On the way out, when we had come to a part of our journey where the tension was relaxed and we could be less cautious, I saw a signalling officer lying asleep under a blackened tree. I called my Major's attention to him, saying, “Look at that silly ass, sir. He'll get something that he doesn't want if he lies there much longer.”

My Major turned his head, and said briefly, “Poor chap, he's got it.”

Then I saw that his shoulder-blade had burst through his tunic and was protruding. He'd been coming out, walking freely and feeling that the danger was over, just as we were, when the unlucky shell had caught him. “His name must have been written on it,” our men say when that happens. I noticed that he had black boots; since then nothing would persuade me to wear black boots in the trenches.

This first experience in No Man's Land did away with my last flabby fear--that, if I was afraid, I would show it. One is often afraid. Any soldier who asserts the contrary may not be a liar, but he certainly does not speak the truth. Physical fear is too deeply rooted to be overcome by any amount of training; it remains, then, to train a man in spiritual pride, so that when he fears, nobody knows it. Cowardice is contagious. It has been said that no battalion is braver than its least brave member. Military courage is, therefore, a form of unselfishness; it is practised that it may save weaker men's lives and uphold their honour. The worst thing you can say of a man at the Front is, “He doesn't play the game.” That doesn't of necessity mean that he fails to do his duty; what it means is that he fails to do a little bit more than his duty.

When a man plays the game, he does things which it requires a braver man than himself to accomplish; he never knows when he's done; he acknowledges no limit to his cheerfulness and strength; whatever his rank, he holds his life less valuable than that of the humblest; he laughs at danger not because he does not dread it, but because he has learnt that there are ailments more terrible and less curable than death.

The men in the ranks taught me whatever I know about playing the game.

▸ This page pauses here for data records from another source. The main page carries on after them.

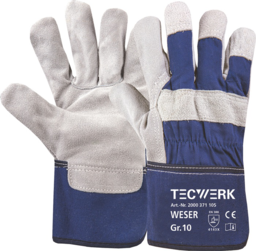 Image de l'article Handschuhe Weser Gr.10 blau EN 388 PSA I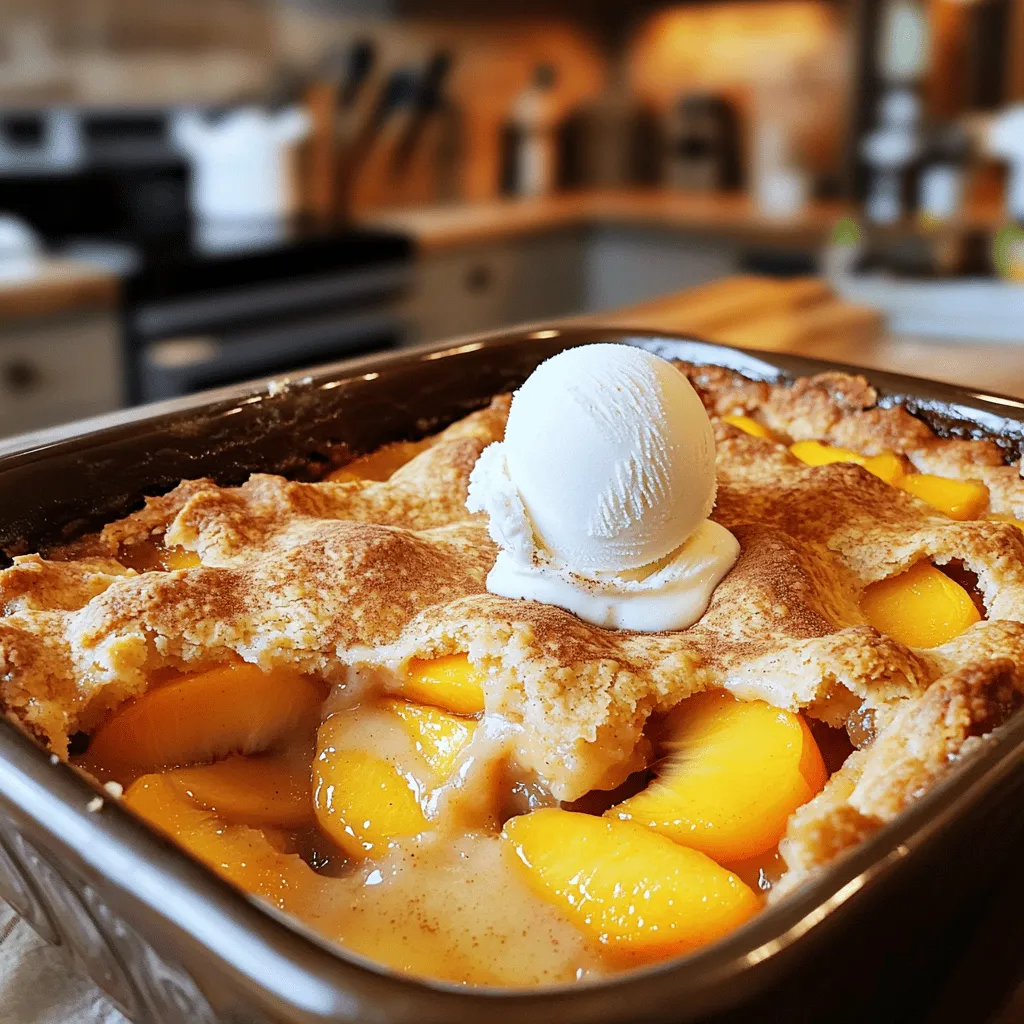 Easy Homemade Peach Cobbler Delightful and Simple Recipe
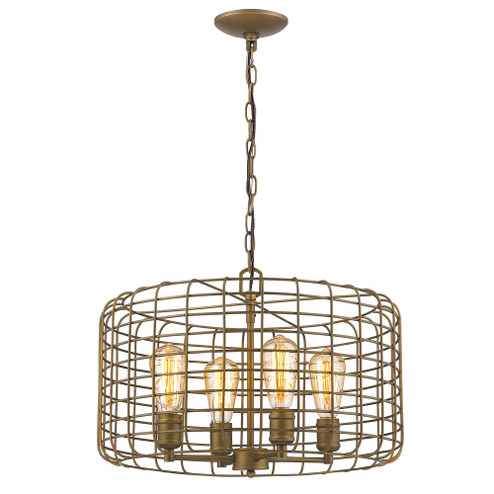 Lynden Four Light Pendant in Raw brass (106|IN11330RB)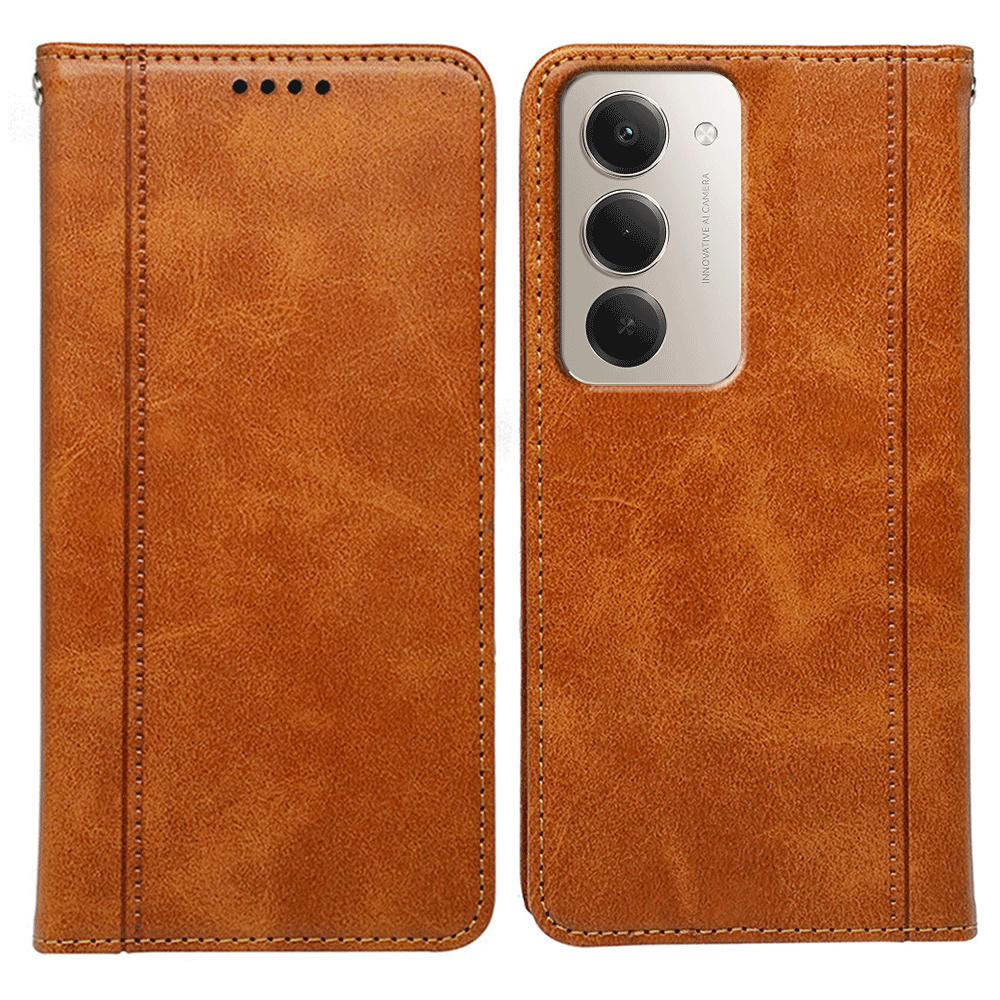 Für Xiaomi 15 Hülle Verdeckter Magnetverschluss Kalbleder Textur Handyhülle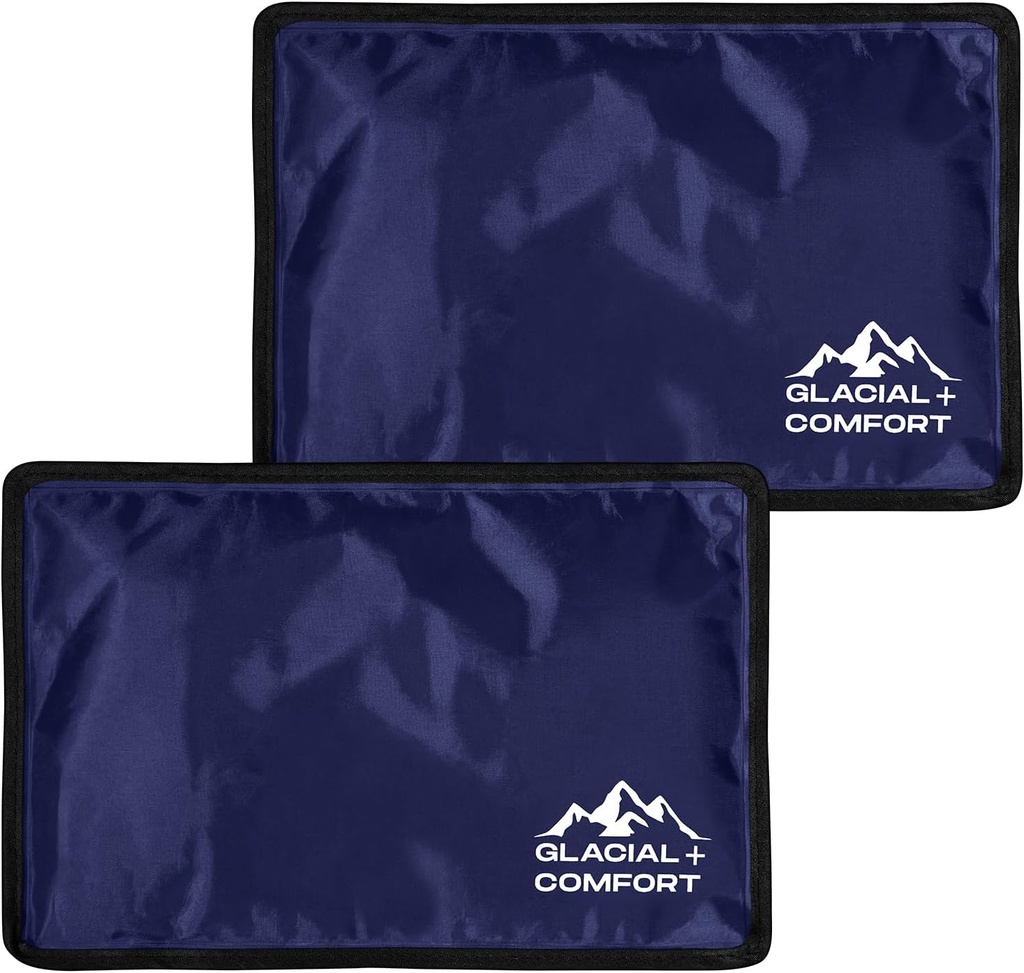 Παγωμένο πακέτο πάγου Gel Comfort για τον πόνο πλάτης - (12" x 8") Reuseable Cold Pads για Hip, γόνατο, τραυματισμούς ώμου, μυϊκή στεφάνη, ημικρανία & ανάνηψη μετά τον τοκετό με Flex Technology - Μετά τη χειρουργική επέμβαση.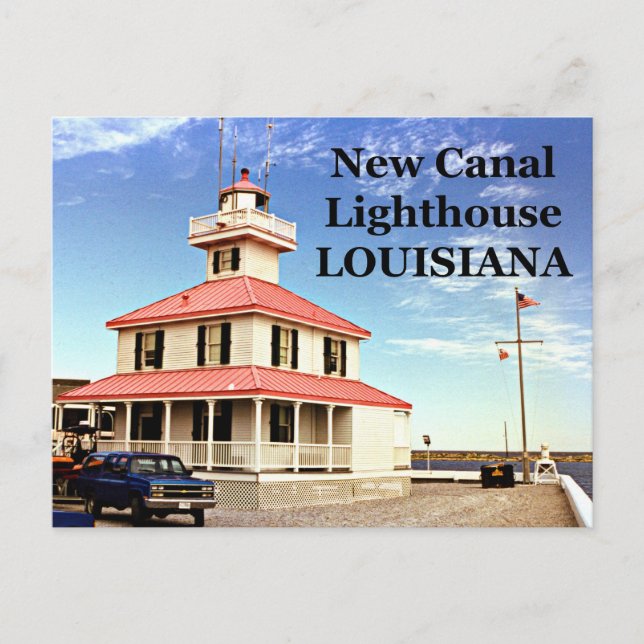New Canal Lighthouse, Louisiana Postcard Postkarte (Vorderseite)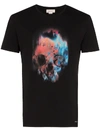 Alexander Mcqueen Abstract Skull-print Cotton T-shirt In Black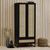 Padstow Black and Rattan 2 Door 1 Drawer Double Wardrobe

I learnt from their example. In acknowledging this, I own up to the new equality, based on heroic values, which this war has established. The only man who counts “out there” is the man who is sufficiently self-effacing to show courage. The chaps who haven't done it are the exceptions.

At the start of the war there were a good many persons whom we were apt to think of as common and unclean. But social distinctions are a wash-out in the trenches. We have seen St. Peter's vision, and have heard the voice, “What God hath cleansed, that call not thou common.”

Until I became a part of the war, I was a doubter of nobility in others and a sceptic as regards myself. The growth of my personal vision was complete when I recognised that the capacity of heroism is latent in everybody, and only awaits the bigness of the opportunity to call it out.

THE GLORY OF THE TRENCHES

We were too proud to live for years When our poor death could dry the tears Of little children yet unborn. It scarcely mattered that at morn, When manhood's hope was at its height, We stopped a bullet in mid-flight. It did not trouble us to lie Forgotten 'neath the forgetting sky. So long Sleep was our only cure That when Death piped of rest made sure, We cast our fleshly crutches down, Laughing like boys in Hamelin Town. And this we did while loving life, Yet loving more than home or wife The kindness of a world set free For countless children yet to be.